RECORDED DATA: Begin

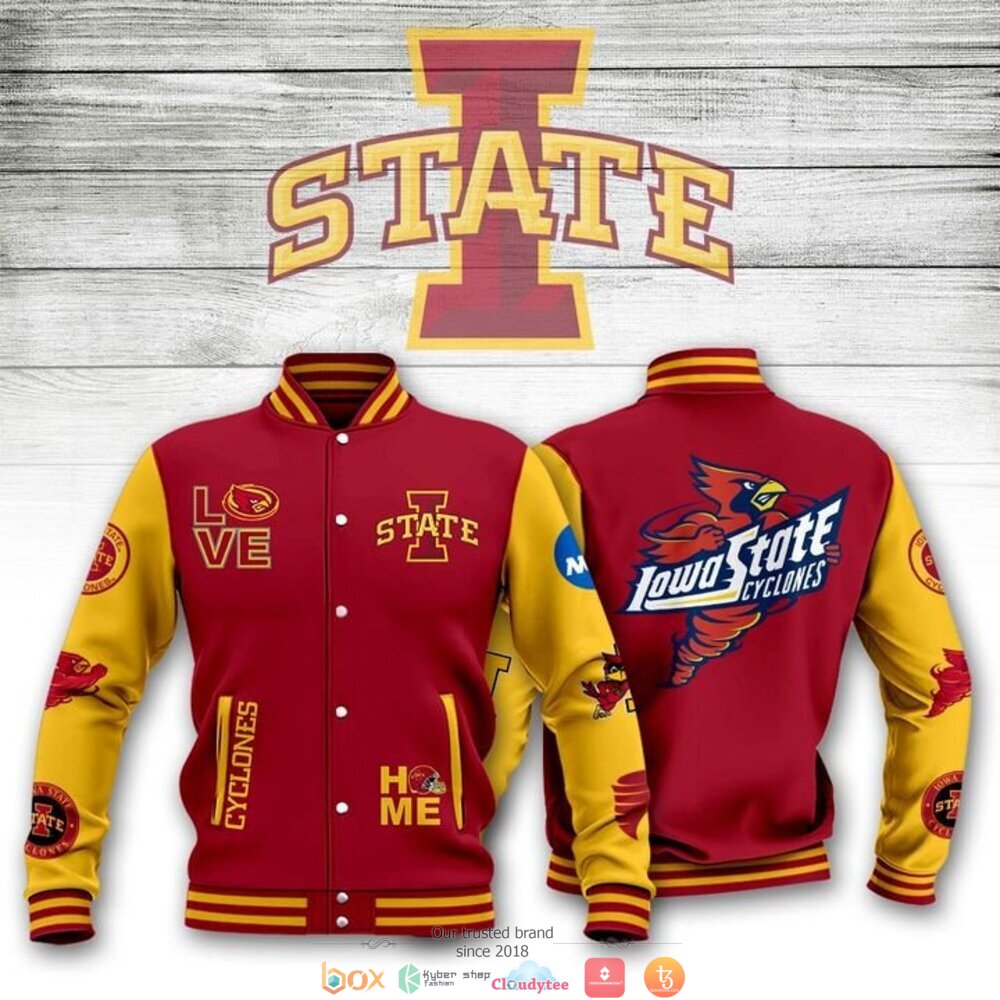 ncaa iowa state cyclones cardinal gold baseball jacket button up zipper hooded all over print nnr93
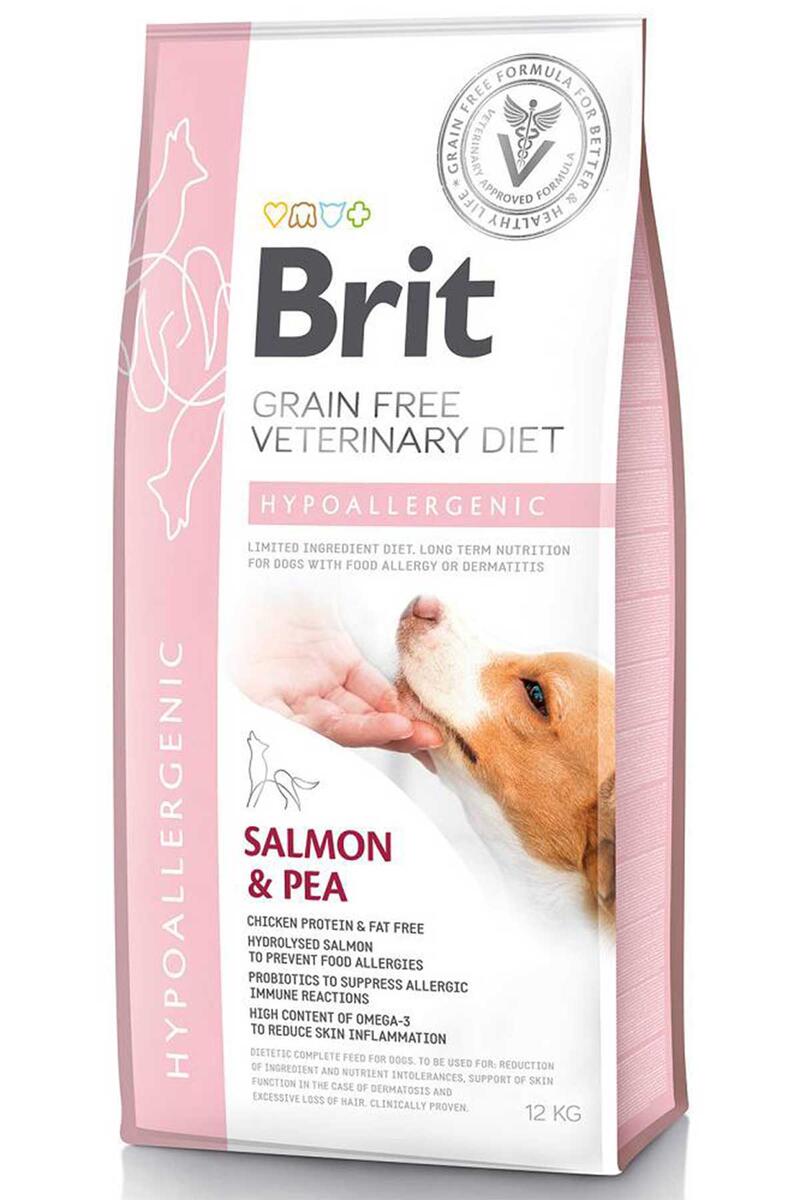 BRİT VETERİNARY DİET HYPO-ALLERGENİC CİLT SAĞLIĞI DESTEKLEYİCİ SOMONLU TAHILSIZ KÖPEK MAMASI 12KG - 1
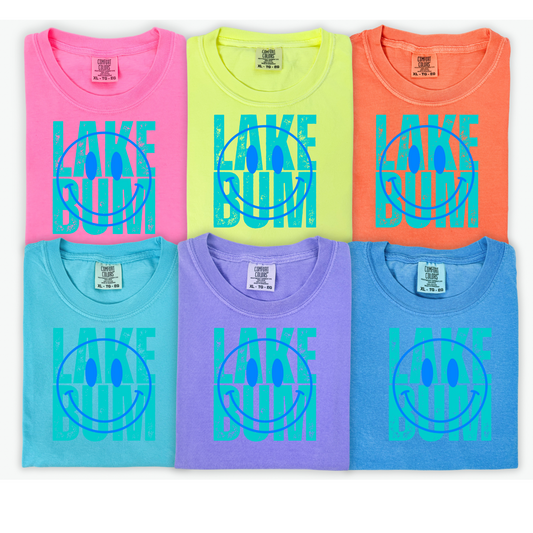 Neon Lake Bum Graphic Tee Collection Comfort Colors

RECORDED DATA: End

Your answer must be an exact copy of the listing, minus its pictures.

 ncaa iowa state cyclones cardinal gold baseball jacket button up zipper hooded all over print nnr93
 BRİT VETERİNARY DİET HYPO-ALLERGENİC CİLT SAĞLIĞI DESTEKLEYİCİ SOMONLU TAHILSIZ KÖPEK MAMASI 12KG - 1
 Neon Lake Bum Graphic Tee Collection Comfort Colors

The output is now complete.